Hassan was forced off by injury just five minutes after England’s opener, but his heroic efforts to limit England to one goal will have left many wondering just why he has spent this season on loan at Châteauroux in the French second division.

Following this spell of dominance, England became complacent Tunisia showed they were no pushovers.

In the 33rd minute, Columbian referee Wilmar Roldán made the controversial decision to award The Eagles of Carthage a penalty with the assistant of VAR after Kyle Walker allegedly obstructed a Tunisia player in the box. Before you could say ‘Same Old England’, Ferjani Sassi coolly converted his penalty to make it 1-1.

VAR is controversial at this World Cup and even the most ardent defenders will have found it hard to justify how it was used here. Many will have been wondered why it was used for the Kyle Walker penalty incident, and two incidents where Kane was wrestled to the ground by Tunisian defenders at corners.

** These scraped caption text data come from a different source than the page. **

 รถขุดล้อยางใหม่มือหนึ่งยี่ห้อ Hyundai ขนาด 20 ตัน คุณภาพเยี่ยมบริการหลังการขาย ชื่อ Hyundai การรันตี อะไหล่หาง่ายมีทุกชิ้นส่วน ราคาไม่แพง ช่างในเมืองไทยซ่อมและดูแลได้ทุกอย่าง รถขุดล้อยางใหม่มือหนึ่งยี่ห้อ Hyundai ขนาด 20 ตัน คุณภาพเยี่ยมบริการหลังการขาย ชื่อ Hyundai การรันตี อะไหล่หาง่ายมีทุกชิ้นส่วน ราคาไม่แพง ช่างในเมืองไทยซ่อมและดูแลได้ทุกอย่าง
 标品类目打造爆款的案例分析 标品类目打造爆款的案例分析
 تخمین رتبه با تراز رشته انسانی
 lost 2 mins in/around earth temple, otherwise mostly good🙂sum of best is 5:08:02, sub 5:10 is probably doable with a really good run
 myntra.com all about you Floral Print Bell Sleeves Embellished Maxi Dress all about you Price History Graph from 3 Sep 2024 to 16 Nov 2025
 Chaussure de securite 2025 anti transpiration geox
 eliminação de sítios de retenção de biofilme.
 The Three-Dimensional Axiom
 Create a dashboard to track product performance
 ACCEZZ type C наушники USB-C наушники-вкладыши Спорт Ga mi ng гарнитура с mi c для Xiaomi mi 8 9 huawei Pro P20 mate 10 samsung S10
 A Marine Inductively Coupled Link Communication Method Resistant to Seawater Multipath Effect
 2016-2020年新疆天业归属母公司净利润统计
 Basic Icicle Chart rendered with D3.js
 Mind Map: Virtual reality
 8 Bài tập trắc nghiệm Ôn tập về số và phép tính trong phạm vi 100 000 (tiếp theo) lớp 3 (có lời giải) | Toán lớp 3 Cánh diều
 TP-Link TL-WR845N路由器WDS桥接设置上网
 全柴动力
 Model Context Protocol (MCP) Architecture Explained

As two incidents took place when the score was 1-1, it is easy to understand the frustration of the England fans.

Southgate’s appointment might have been questioned, but he will have won over a few doubters with the game-changing substitutions he made.

The introduction of Reuben Loftus-Cheek, who is deservedly in the squad following his successful season on loan at Crystal Palace, in place of Dele Alli, as well as bringing on Marcus Rashford for Raheem Sterling, proved to be pivotal for England. They began to get their mojo back after a tepid start to the second half.

Just as the media were preparing to sharpen for a poor result, Kane once again popped up. His goal this time came through a header after the ball was played to him by centre back Harry Maguire. Such a late goal spared England’s blushes.

England games tend to produce talking points, and their clash against Tunisia was no different.

Firstly, we already have a squad selection problem on our hands, as the cameos made by Rashford and Loftus-Cheek were more than enough for them to deserve a chance against Panama on Sunday.

But it would be a big call by Southgate to drop two of his star players in Raheem Sterling and Dele Alli, even if their performances were not the greatest.

Secondly, VAR could prove to be England’s Achilles Heel if it is used as it was yesterday. If FIFA want their experiment to be a success, there needs to be consistency. Sadly, when conversations should be dominated by optimism following the last-gasp goal, they will instead be littered with debates of whether this VAR system should really be used in England, as has been planned by the Premier League.

Either way, England showed they’ve got the spirit to go far in this tournament. Could 52 years of hurt end this summer?